P.G. House Deemed Too Round For a Loan
Photo courtesy of Mae M. Ngai and John G. New
Poor credit, a low annual salary and high levels of debt are all reasons that you might be turned down for a loan.
However, last Saturday, The Washington Post ran an article about a couple who were turned down twice by mortgage lenders for a home in Prince George’s County because of the property’s unusual shape.
From The Post article that was written by potential buyers Mae M. Ngai and John G. New:
Being “unusual” or “unique,” it was deemed “not marketable.” Despite its evident worth and multiple independent appraisals, the lenders said they could not assign a value to the house because there were no comparable properties. And, with no “value,” there was insufficient collateral for a loan.
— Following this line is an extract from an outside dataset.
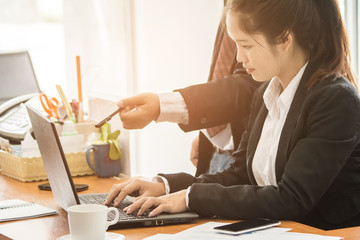 Business team discussing the charts and graphs at meeting present on office desk.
UrbanTurf spoke with Prosperity Mortgage’s Tom O’Keefe about how often this seemingly strange situation occurs.
“One of the pieces that lenders look at is the house itself and if it is so unique, sometimes its value can’t be supported with comps,” O’Keefe said. “I have seen it happen, but only very, very rarely.”
The buyers being considered a risk and the fact that there were not suitable comps were not the only issues. The lenders also felt that if the couple defaulted on their payments, it would be difficult to resell the house because of its unique design.